[What needs to be done]:
Everything in the listing below must be duplicated exactly.

[Provided material]:
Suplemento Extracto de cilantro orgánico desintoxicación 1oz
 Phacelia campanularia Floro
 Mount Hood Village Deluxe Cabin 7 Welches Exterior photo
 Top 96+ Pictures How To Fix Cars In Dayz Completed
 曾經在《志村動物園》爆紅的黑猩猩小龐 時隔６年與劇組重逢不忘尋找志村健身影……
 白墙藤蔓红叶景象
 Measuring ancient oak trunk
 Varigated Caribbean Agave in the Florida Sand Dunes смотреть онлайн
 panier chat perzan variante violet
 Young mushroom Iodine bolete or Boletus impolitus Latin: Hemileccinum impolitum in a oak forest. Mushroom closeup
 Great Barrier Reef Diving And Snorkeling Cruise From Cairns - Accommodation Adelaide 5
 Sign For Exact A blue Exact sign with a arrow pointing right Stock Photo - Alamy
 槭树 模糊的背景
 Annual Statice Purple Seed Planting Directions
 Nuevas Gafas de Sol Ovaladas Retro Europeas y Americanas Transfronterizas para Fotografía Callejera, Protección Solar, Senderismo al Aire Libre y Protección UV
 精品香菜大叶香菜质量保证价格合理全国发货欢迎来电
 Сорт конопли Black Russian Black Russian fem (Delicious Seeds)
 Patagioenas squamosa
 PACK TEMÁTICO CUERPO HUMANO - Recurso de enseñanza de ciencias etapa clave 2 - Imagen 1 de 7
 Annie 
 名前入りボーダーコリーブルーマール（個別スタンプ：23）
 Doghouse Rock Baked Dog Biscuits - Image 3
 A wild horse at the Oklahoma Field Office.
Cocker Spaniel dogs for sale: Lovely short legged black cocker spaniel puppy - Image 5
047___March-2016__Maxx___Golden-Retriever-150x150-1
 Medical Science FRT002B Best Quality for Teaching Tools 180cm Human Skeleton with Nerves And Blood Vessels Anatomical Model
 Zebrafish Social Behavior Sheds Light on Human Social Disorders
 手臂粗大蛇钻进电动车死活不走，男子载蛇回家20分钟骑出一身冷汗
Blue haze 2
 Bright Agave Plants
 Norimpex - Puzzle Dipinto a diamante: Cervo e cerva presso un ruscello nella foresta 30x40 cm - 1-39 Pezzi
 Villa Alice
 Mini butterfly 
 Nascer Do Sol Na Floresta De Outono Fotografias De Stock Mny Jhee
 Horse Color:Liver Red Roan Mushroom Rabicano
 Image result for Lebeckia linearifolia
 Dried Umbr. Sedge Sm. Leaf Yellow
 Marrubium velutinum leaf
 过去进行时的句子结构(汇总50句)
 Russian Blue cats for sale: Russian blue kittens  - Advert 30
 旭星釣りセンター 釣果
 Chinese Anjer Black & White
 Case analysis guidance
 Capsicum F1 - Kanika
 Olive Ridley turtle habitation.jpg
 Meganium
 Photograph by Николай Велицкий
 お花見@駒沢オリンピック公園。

[Output for this exercise]:
Suplemento Extracto de cilantro orgánico desintoxicación 1oz
 Phacelia campanularia Floro
 Mount Hood Village Deluxe Cabin 7 Welches Exterior photo
 Top 96+ Pictures How To Fix Cars In Dayz Completed
 曾經在《志村動物園》爆紅的黑猩猩小龐 時隔６年與劇組重逢不忘尋找志村健身影……
 白墙藤蔓红叶景象
 Measuring ancient oak trunk
 Varigated Caribbean Agave in the Florida Sand Dunes смотреть онлайн
 panier chat perzan variante violet
 Young mushroom Iodine bolete or Boletus impolitus Latin: Hemileccinum impolitum in a oak forest. Mushroom closeup
 Great Barrier Reef Diving And Snorkeling Cruise From Cairns - Accommodation Adelaide 5
 Sign For Exact A blue Exact sign with a arrow pointing right Stock Photo - Alamy
 槭树 模糊的背景
 Annual Statice Purple Seed Planting Directions
 Nuevas Gafas de Sol Ovaladas Retro Europeas y Americanas Transfronterizas para Fotografía Callejera, Protección Solar, Senderismo al Aire Libre y Protección UV
 精品香菜大叶香菜质量保证价格合理全国发货欢迎来电
 Сорт конопли Black Russian Black Russian fem (Delicious Seeds)
 Patagioenas squamosa
 PACK TEMÁTICO CUERPO HUMANO - Recurso de enseñanza de ciencias etapa clave 2 - Imagen 1 de 7
 Annie 
 名前入りボーダーコリーブルーマール（個別スタンプ：23）
 Doghouse Rock Baked Dog Biscuits - Image 3
 A wild horse at the Oklahoma Field Office.
Cocker Spaniel dogs for sale: Lovely short legged black cocker spaniel puppy - Image 5
047___March-2016__Maxx___Golden-Retriever-150x150-1
 Medical Science FRT002B Best Quality for Teaching Tools 180cm Human Skeleton with Nerves And Blood Vessels Anatomical Model
 Zebrafish Social Behavior Sheds Light on Human Social Disorders
 手臂粗大蛇钻进电动车死活不走，男子载蛇回家20分钟骑出一身冷汗
Blue haze 2
 Bright Agave Plants
 Norimpex - Puzzle Dipinto a diamante: Cervo e cerva presso un ruscello nella foresta 30x40 cm - 1-39 Pezzi
 Villa Alice
 Mini butterfly 
 Nascer Do Sol Na Floresta De Outono Fotografias De Stock Mny Jhee
 Horse Color:Liver Red Roan Mushroom Rabicano
 Image result for Lebeckia linearifolia
 Dried Umbr. Sedge Sm. Leaf Yellow
 Marrubium velutinum leaf
 过去进行时的句子结构(汇总50句)
 Russian Blue cats for sale: Russian blue kittens  - Advert 30
 旭星釣りセンター 釣果
 Chinese Anjer Black & White
 Case analysis guidance
 Capsicum F1 - Kanika
 Olive Ridley turtle habitation.jpg
 Meganium
 Photograph by Николай Велицкий
 お花見@駒沢オリンピック公園。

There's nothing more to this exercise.